Tax Withholding . Purchaser has contacted the Company’s Stock Plan Administrator to confirm that the tax withholding due upon exercise of the Option is $__________.
4.
Representations of Purchaser .
(a)
Purchaser has received, read and understood the Plan, the Notice of Grant and the Option Agreement and agrees to abide by and be bound by their terms and conditions.
(b)
Purchaser agrees: (i) to provide such additional documents as the Company may require pursuant to the terms of the Plan, (ii) to provide for the payment by Purchaser to the Company (in the manner designated by the Company) of the Company’s withholding obligation, if any, relating to the exercise of this Option, and (iii) if this exercise relates to an ISO, to notify the Company in writing promptly after the date of any disposition of any of the Shares of Common Stock issued upon exercise of this Option that occurs within two (2) years after the date of grant of the Option or within one (1) year after such Shares of Common Stock are issued upon exercise of the Option.
(c)
Purchaser hereby makes the following certifications and representations with respect to the Shares, which are being acquired by the Purchaser for his or her own account (or otherwise in compliance with applicable law) upon exercise of the Option as set forth above:
(i)
If Purchaser is an officer and/or director of the Company, Purchaser has contacted the Company’s Stock Plan Administrator to determine whether he or she is subject to Section 16 of the Securities Exchange Act of 1934, as amended (the “Exchange Act”), and if so:
Purchaser has reviewed his or her transactions relative to Section 16 of the Exchange Act (“Section 16”);
The Company has informed the Purchaser that the grant of the Option is exempt from Section 16(b) of the Exchange Act either because (i) it was approved by the Company’s Board of Directors or a committee duly authorized by the Board pursuant to the rules issued under Section 16, or (ii) Purchaser has held the Option for six (6) months or more, and, therefore, this transaction may not be matched with a non-exempt purchase; and
Purchaser understands that the filing of a Form 4 with the U.S. Securities and Exchange Commission may be required because of this transaction.





(ii)
Purchaser understands that if he or she is an officer and/or director of the Company, Purchaser may be deemed an “affiliate” of the Company and is therefore subject to certain of the conditions set forth in Rule 144 of the Securities Act.
(iii)
Purchaser further acknowledges that all certificates representing any of the Shares subject to the provisions of the Option shall have endorsed thereon appropriate legends reflecting the foregoing limitations, as well as any legends reflecting restrictions pursuant to Applicable Law.
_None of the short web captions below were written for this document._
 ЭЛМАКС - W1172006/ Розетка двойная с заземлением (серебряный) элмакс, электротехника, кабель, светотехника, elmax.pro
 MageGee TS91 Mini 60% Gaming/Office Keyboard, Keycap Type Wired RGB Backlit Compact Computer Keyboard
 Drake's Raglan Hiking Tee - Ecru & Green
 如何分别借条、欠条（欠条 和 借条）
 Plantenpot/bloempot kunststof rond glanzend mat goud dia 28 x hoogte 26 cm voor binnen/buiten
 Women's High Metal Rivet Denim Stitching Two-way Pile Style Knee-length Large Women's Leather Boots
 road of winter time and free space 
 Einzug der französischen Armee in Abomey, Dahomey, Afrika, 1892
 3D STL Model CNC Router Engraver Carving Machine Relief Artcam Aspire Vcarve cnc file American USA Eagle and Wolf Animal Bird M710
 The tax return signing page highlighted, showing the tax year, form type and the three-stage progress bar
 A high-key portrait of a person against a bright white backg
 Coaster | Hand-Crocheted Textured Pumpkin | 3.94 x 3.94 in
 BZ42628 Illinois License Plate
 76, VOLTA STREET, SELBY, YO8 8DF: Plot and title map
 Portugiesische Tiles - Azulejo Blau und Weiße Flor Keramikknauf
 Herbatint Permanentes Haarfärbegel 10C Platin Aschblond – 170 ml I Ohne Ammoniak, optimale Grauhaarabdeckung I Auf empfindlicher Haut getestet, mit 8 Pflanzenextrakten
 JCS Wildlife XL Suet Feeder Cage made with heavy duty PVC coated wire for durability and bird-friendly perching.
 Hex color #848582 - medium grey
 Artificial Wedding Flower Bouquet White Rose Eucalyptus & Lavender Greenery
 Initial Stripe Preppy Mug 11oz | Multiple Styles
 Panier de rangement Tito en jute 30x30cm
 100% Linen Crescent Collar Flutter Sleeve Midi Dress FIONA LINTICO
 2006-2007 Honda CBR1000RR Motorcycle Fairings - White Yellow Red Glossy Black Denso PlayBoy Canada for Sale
Purchaser agrees that the Shares are being acquired in accordance with and subject to the terms, provisions and conditions of his or her option documents and the Plan, to all of which the Purchaser hereby expressly assents. This agreement shall inure to the benefit of and be binding upon the Purchaser’s heirs, executors, administrators, successors and assigns.
(iv)
If Purchaser is selling some or all of these Shares in accordance with the terms of the Company’s “same day sale” program, Purchaser does not have access to, nor is Purchaser aware of, any nonpublic, material information regarding the Company that could or has influenced his or her decision to sell these Shares.
(v)
Purchaser hereby agrees to notify the Company upon the transfer or sale or other disposition of the Shares acquired under any ISO exercise and agrees to hold harmless the Company regarding the reporting of income subject to the disposition of these Shares.
(vi)
Purchaser further acknowledges that he or she has received a copy of the prospectus prepared by the Company, which provides information regarding the Company, the Plan and the Shares.
(vii)
Purchaser represents that he or she is entitled to exercise the Option with respect to the number of Shares that the Purchaser wishes to purchase hereby.
(d)
Purchaser agrees that, if required by the Company (or a representative of the underwriters) in connection with an underwritten registration of the offering of any equity securities of the Company under the Securities Act, or the similar laws of a foreign jurisdiction, Purchaser will not sell, dispose of, transfer, make any short sale of, grant any option for the purchase of, or enter into any hedging or similar transaction with the same economic effect as a sale, any Shares or other securities of the Company held by Purchaser, for a period of time specified by the underwriter(s) (not to exceed one hundred eighty (180) days) following the effective date of the registration statement of the Company filed under the Securities Act. Purchaser further agrees to execute and deliver such other agreements as may be reasonably requested by the Company and/or the underwriter(s) that are consistent with the foregoing or that are necessary to give further effect thereto. In order to enforce the foregoing covenant, the Company may impose stop-transfer instructions with respect to the Shares until the end of such period.
5.
Rights as Stockholder . Until the issuance (as evidenced by the appropriate entry on the books of the Company or of a duly authorized transfer agent of the Company) of the Shares, no right to vote or receive dividends or any other rights as a stockholder shall exist with respect to the Shares of the Company’s Common Stock subject to the Option, notwithstanding the exercise of the Option. The Shares so acquired shall be issued to the Optionholder as soon as practicable after exercise of the Option. No adjustment will be made for a dividend or other right for which the record date is prior to the date of issuance, except as provided in the Plan.
6.
Tax Consultation . Purchaser understands that Purchaser may suffer adverse tax consequences as a result of Purchaser's purchase or disposition of the Shares. Purchaser represents that Purchaser has consulted with any tax consultants Purchaser deems advisable in connection with the purchase or disposition of the Shares and that Purchaser is not relying on the Company for any tax advice.
7.
Entire Agreement; Governing Law . The Plan, the Notice of Grant and Option Agreement are incorporated herein by reference. This agreement, the Plan, the Notice of Grant and the Option Agreement constitute the entire agreement of the parties with respect to the subject matter hereof and supersede in their entirety all prior undertakings and agreements of the Company and Purchaser with respect to the subject matter hereof, and may not be modified adversely to the Purchaser's interest except by means of a writing signed by the Company and Purchaser. This agreement is governed by the law of the State of Delaware.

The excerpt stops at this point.